Furthermore, ceramic heat sinks are not electrically conductive and therefore there is no risk of accidentally shorting something on the Pi.
Back-of-the-envelope calculations (we don't have all parameters since we don't have a copy of the Broadcom datasheet to examine the device operating conditions in detail, nor a copy of the schematic to examine if we can measure device power consumption isolated from the remainder circuitry) suggests that a heat sink with thermal resistance of around 10 degrees C/W might be effective to keep the Broadcom chip's internal temperature below 120 degrees C when the ambient temperature is below around 40 degrees C. These are guesstimates until practical measurements have been taken.
Armed with this information, I searched for a suitable sized heat sink and I found a cheap aluminium one. However bwelsby and cstanton suggested that there may be issues with the heatsink getting in the way of connected HAT boards on top of the Pi, and Brian suggested examining ceramic heatsinks.
In summary, I think these parts may be suitable although measurements still need to be done:
(EDIT: after some discussions below, it looks like this is a far better choice, it is 25x25x10mm, quieter, higher throughput, and more efficient with overall lower power consumption. There is also a ).
The Broadcom chip is about 14x14mm in size, and ceramic heat sinks do exist in approximately that size. However it is possible to attach a larger heat sink if desired.
The photo below shows the parts that were examined. All of these ceramic heat sinks come with adhesive tape on the underside; the protective tape is removed and the heat sink will stick to the top of the integrated circuit.
The photo at the top of the blog post shows the largest 22x22mm ceramic heatsink.
The photo below shows a heat sink closer to the size of the Broadcom chip, 15x15mm. It also shows a 10x10mm heat sink on top of the USB hub/Ethernet controller chip, however this is really not needed.
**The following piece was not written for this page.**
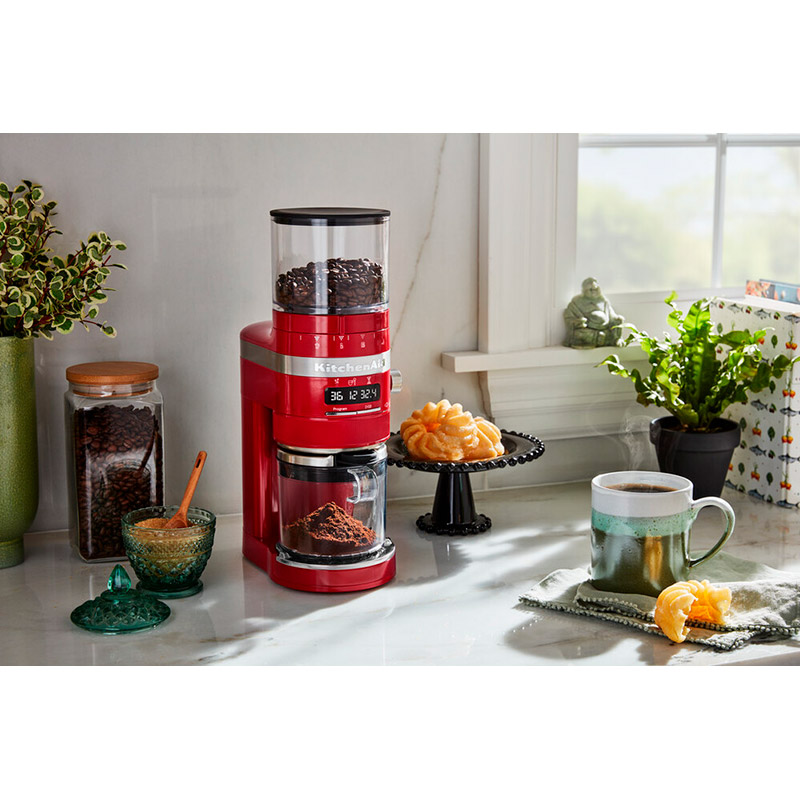 В Україні Кавомолка KITCHENAID Artisan Red (5KCG8433EER)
It doesn't get very hot according to the thermal photos in the previous blog post.
The memory chip on the underside gets hot too. If desired, the 15x15mm heat sink could be attached there too. The 22x22mm one is too large for that location due to nearby components (the memory chip has a lower height than the Broadcom chip on the top side).
So, I plan to attach a 22x22mm part to the Broadcom chip on the top of the board, and possibly a 15x15mm heat sink to the memory chip on the underside. I don't think a fan will be needed unless a very small enclosure with no natural ventilation was used, or if the Pi was in a very warm environment.
In that case, a fan may be an option. I tried the and it generates a usable level of air that can be felt from a distance of 10cm or more. However it does generate a small amount of noise too (possibly inaudible if the Pi will be behind other items such as a TV, but I think there is still a risk it could be audible. The voltage could be reduced from 5V to lessen the noise). It could be mounted on the heat sink as shown here although I think a small gap would be good to allow forced air to hit the entire top face of the heat sink. (The red dot on the fan was placed by me so that I could see it spinning). The fan could be secured with epoxy adhesive. The overall height is less than the height of the USB connectors on the Pi 3. The problem with this is that a HAT board cannot be plugged on top if there is a fan in the way.
A very nice solution would have been to put the fan on the side (to the left side of the photo above) so that the fan could blast air across the entire top face, and the underside of the board. However the display connector (the long white thing on the edge of the board in the photo above) is in the way and would block the flow of air which is extremely unfortunate. The Pi 3 wasn't designed with air flow in mind : ( However it might be possible with some 3D-printed duct design to achieve something that could work.
To summarize, some heat sinking ideas have been suggested however it is for further examination to see how well they perform. It will be good to see what solutions people come up with over time.